Investigating Memory in RL with POPGym Arcade

Zekang Wang¹, Zhe He¹, Borong Zhang¹, Edan Toledo², Steven Morad¹

¹University of Macau ²University College London

The Environment Twin Paradigm: We pair every fully observable MDP with a partially observable counterpart (POMDP) that shares the exact same action and observation space. This unified structure allows us to isolate observability as the sole independent variable, enabling precise counterfactual analysis and essentially asking: How much does memory truly matter?

Abstract

How should we analyze memory in deep RL? We introduce mathematical tools for fairly analyzing policies under partial observability and revealing how agents use memory to make decisions. To utilize these tools, we present POPGym Arcade, a collection of Atari-inspired, hardware-accelerated, pixel-based environments sharing a single observation and action space. Each environment provides fully and partially observable variants, enabling counterfactual studies on observability. We find that controlled studies are necessary for fair comparisons, and identify a pathology where value functions smear credit over irrelevant history. With this pathology, we demonstrate how out-of-distribution scenarios can contaminate memory, perturbing the policy far into the future, with implications for sim-to-real transfer and offline RL.

Throughput

High-Performance Training: We specifically designed these environments for speed. On a standard consumer GPU (RTX 4090), POPGym Arcade achieves throughputs exceeding 10 million frames per second, allowing most experiments to converge in under an hour. This efficiency democratizes memory research, enabling rapid iteration without massive compute resources.

Value Function Smearing

The "Smearing" Pathology: Here we visualize an unexpected failure mode in memory-based agents. We compute pixel-wise gradients to trace which parts of the history contribute to the agent's value estimate $V(s_t)$. In these tailored tasks, the optimal value should depend only on the immediate present, rendering the past irrelevant. Yet, as the visualization shows, both LRU and GRU models incorrectly "smear" credit across the entire history (highlighted regions).
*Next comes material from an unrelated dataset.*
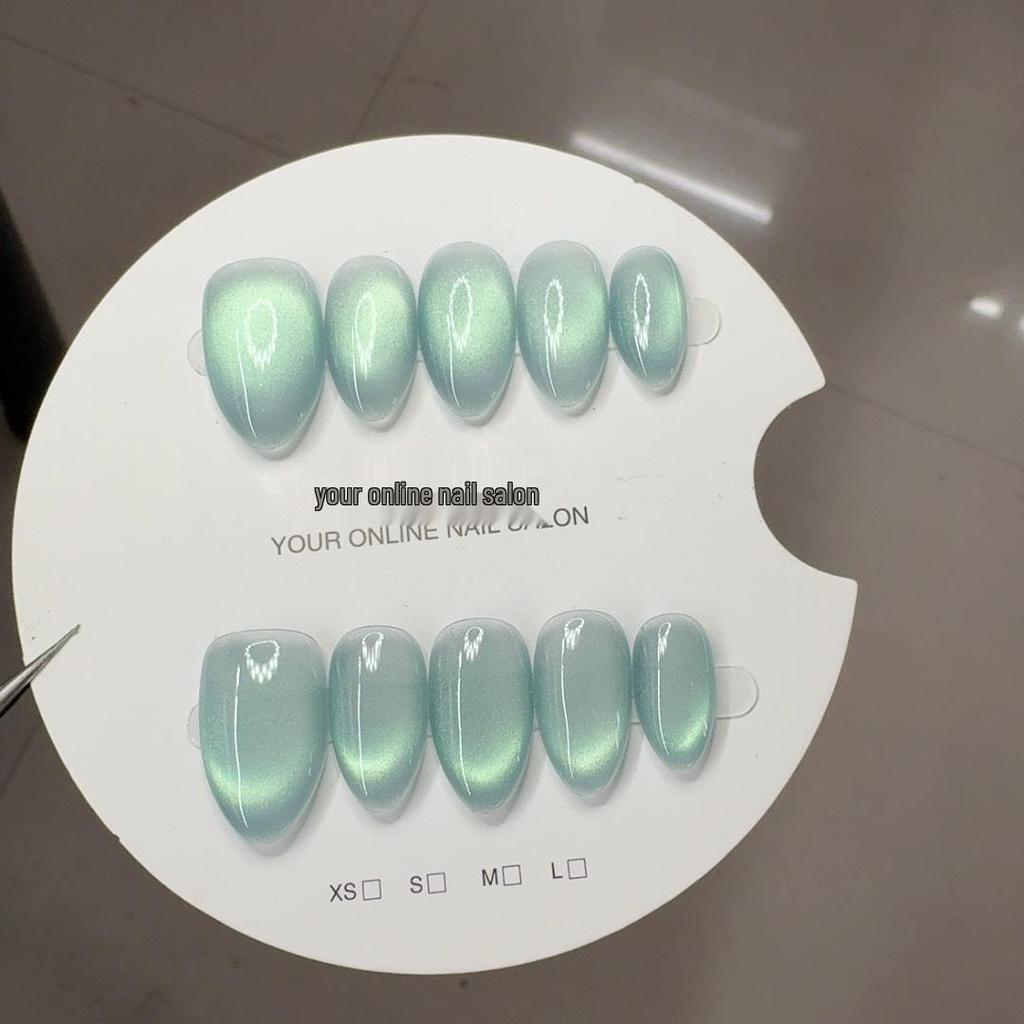 Handgefertigte Katzenaugen-Glasperlen-Nagelkunst-Kollektion: Abnehmbare tragbare Nagelspitzen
This indicates that the agents are memorizing noise rather than extracting state, a fragility that makes them highly susceptible to distributional shifts.

Return Disentanglement

Decomposing Performance: Using our proposed toolkit, we can dissect an agent's performance into distinct components: the raw POMDP return, the Observability Gap (how much performance is lost due to missing information), and Memory Bias. The plot above aggregates these metrics across all difficulty levels and environments, providing a holistic view of where current memory architectures fall short relative to the theoretical optimum.